Casal trabalhou mais de 50 anos em lavoura de fumo no Alto Gasparinho
Elói Bérgamo não planta mais fumo, mas por muito tempo fez da atividade o seu ganha-pão. Ele praticamente cresceu em meio às lavouras de fumo. Os irmãos trabalhavam na roça da família. "Se eu for colocar na ponta do lápis, trabalhei mais de 50 anos plantando fumo", diz o agricultor, hoje com 63 anos. A história da esposa Elza não é muito diferente. Ela também trabalhou na lavoura de tabaco desde criança. Hoje, o casal está aposentado, mas não esquece da época em que passava dias nas roças de fumo e noites nas estufas, cuidando da secagem das folhas. "Se trabalho matasse, já estaríamos mortos há muito tempo", brinca Elza.
O fumo produzido pela família Bérgamo era vendido para a Souza Cruz, uma das maiores do setor no Brasil. "Nosso produto ia para unidade da empresa localizada no bairro Garcia, em Blumenau. Quando todo o fumo produzido na safra estava pronto, era só ligar avisando que um caminhão da empresa passava para recolher", conta Elói. O aumento no custo de produção baixou a lucratividade e o casal decidiu encerrar a atividade. "Eu adorava plantar fumo, chorei uma noite inteira quando decidimos parar, mas hoje, vejo que deveríamos ter tomado essa decisão muito antes", admite Elza.
Químicos
Mas não foi só a baixa lucratividade da lavoura que fez o casal mudar de vida. Os problemas de saúde provocados pela grande quantidade de agrotóxicos aplicados na lavoura também influenciaram. "Os químicos facilitam bastante o cultivo, mas fazem muito mal para a saúde", diz Elói.
A geração dele, da esposa e de Nelson Nicoletti é a última a trabalhar com fumo. Algumas poucas estufas de fumo no Gasparinho é tudo o que restou do ciclo do fumo na região. Isto ajuda os moradores a manterem viva a memória da época em que plantar fumo era a fonte de subsistência das famílias do Alto Gasparinho. Os filhos desta geração preferem trabalhar na cidade e se interessam pouco pela lida no campo. "Eles têm razão, a vida hoje é muito mais fácil do que no nosso tempo", observa Elza com o olhar perdido nas lembranças.

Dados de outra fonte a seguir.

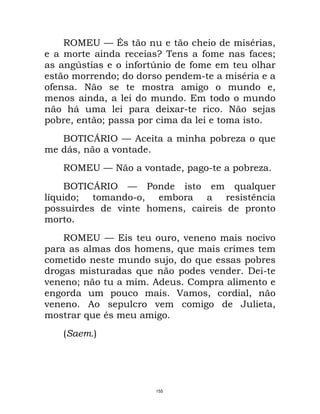 155
; F < O # ) $
# S ! 7 7 # &
I 7 I 7
& 0 )
7 ( $
$
G L 0 # (
" $ & #
5;!? X ?; < ># " J %
G $ E
; F < ( E $ 0 " J
5;!? X ?; < 8 % %
D% & 0 $ " H #
E $ #
; F < $E # E
$% #
# $ % "
% E 0
E & >
# 4 $ # $
E > # E # $
% )
+ 3
 
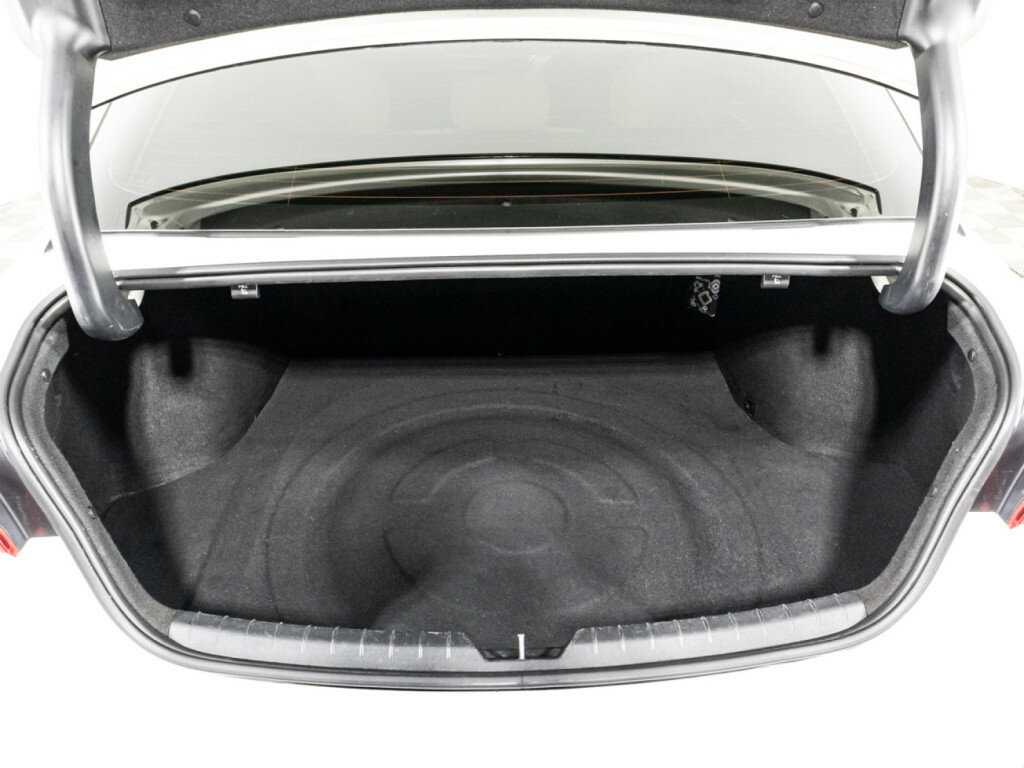 Купить Kia K5, 2021, 106 021 км, фото №15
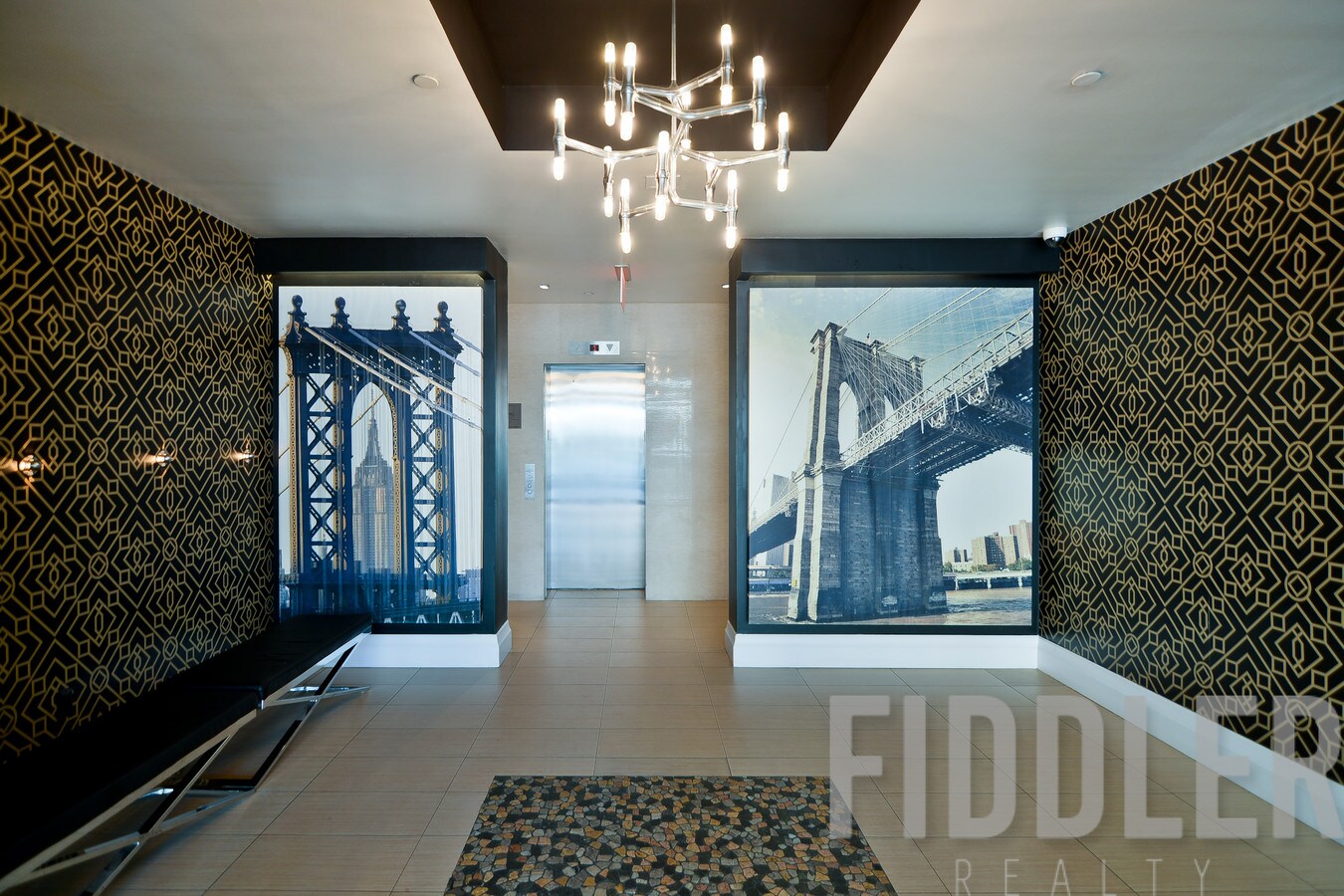 Photo - 140 Hope St Unit 1E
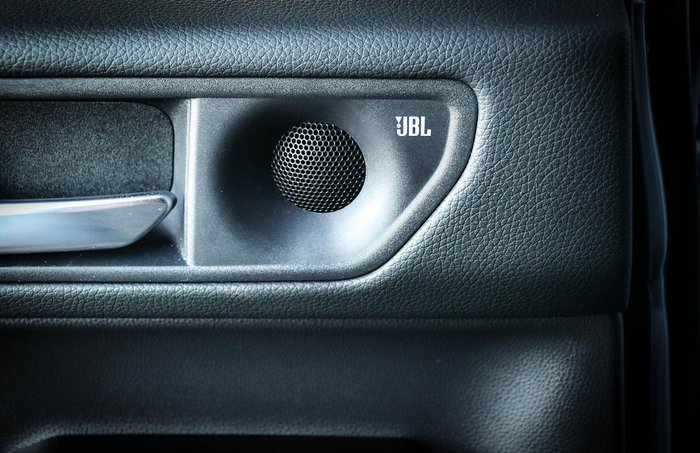2024 Toyota Landcruiser Prado Altitude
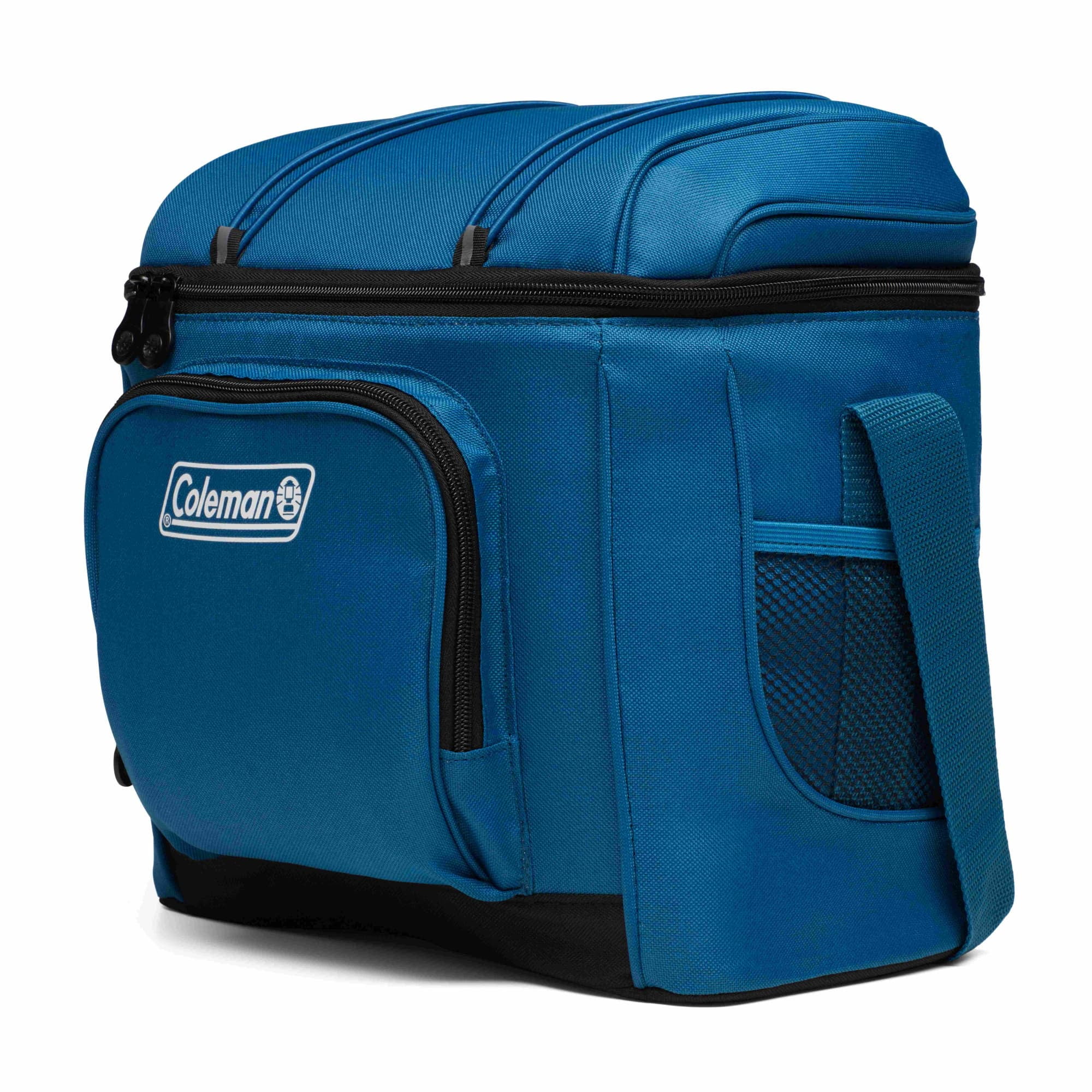 Coleman Soft Cooler - Thumbnail 2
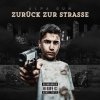 Alpa Gun - Album Zurück zur Straße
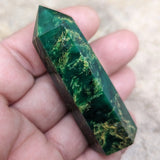 Emerald Generator~CREMGN05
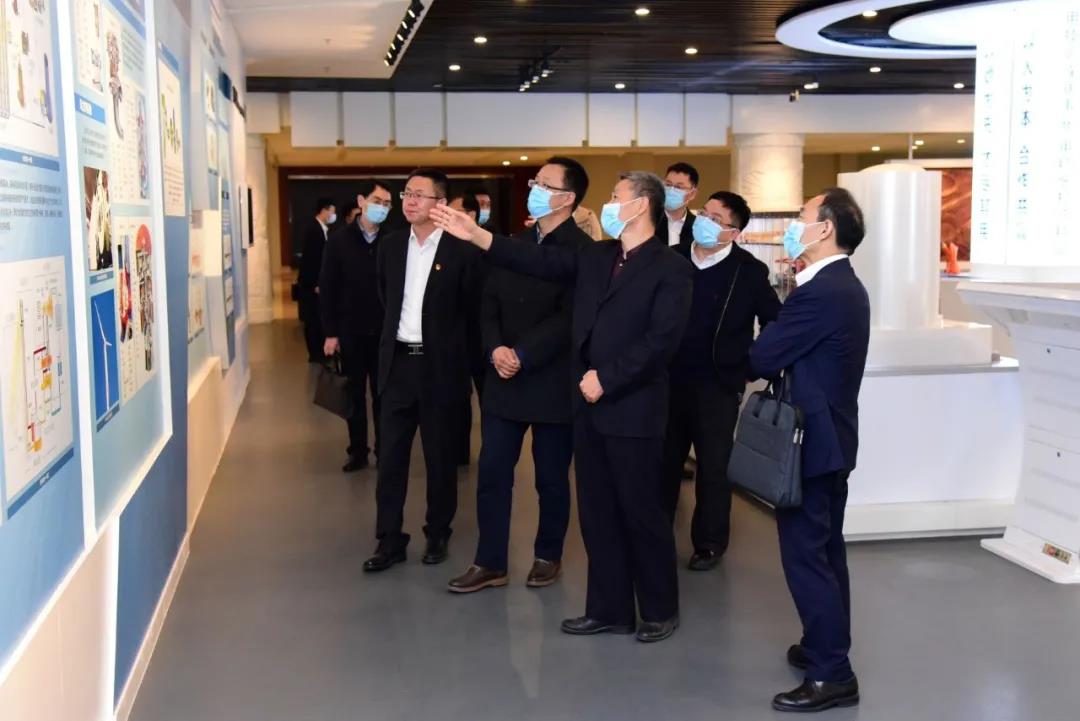 必赢亚洲·bwin(中国区)官方网站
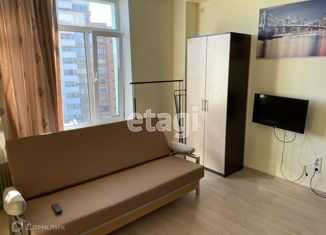 Продам 4-ком. квартиру, 114 м2, Новосибирск, улица Щетинкина, 49, улица Щетинкина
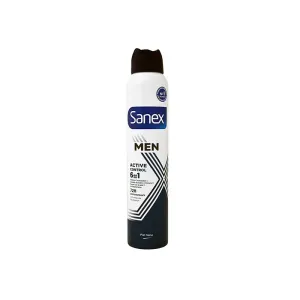 8718951464940SANEX Spray Active Control 200ml_beautyfree.gr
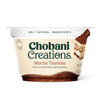 Chobani Creations Mocha Tiramisu 5.3oz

47 mil produtores de fumo em SC
Área média 2 hectares por propriedade
O Brasil colhe 700 mil t de fumo por safra
Estudantes da Ana Lira resgatam a história da fumicultura
Uma pesquisa escolar para resgatar a história da atividade fumageira no bairro, resultou em vídeo-documentário sobre a plantação de fumo, produzido pelos alunos e professores da Escola Professora Ana Lira, no Alto Gasparinho. A inspiração, como conta a professora Sandra Maria Buchmann, veio de uma planta de tabaco que nasceu em um dos canteiros da horta escolar, no início deste ano. Como os alunos não a conheciam surgiu a idéia do trabalho. Dezenas de pessoas foram entrevistadas, e hoje o documentário de mais de uma hora de duração é o principal documento sobre esta atividade agrícola praticamente extinta na região.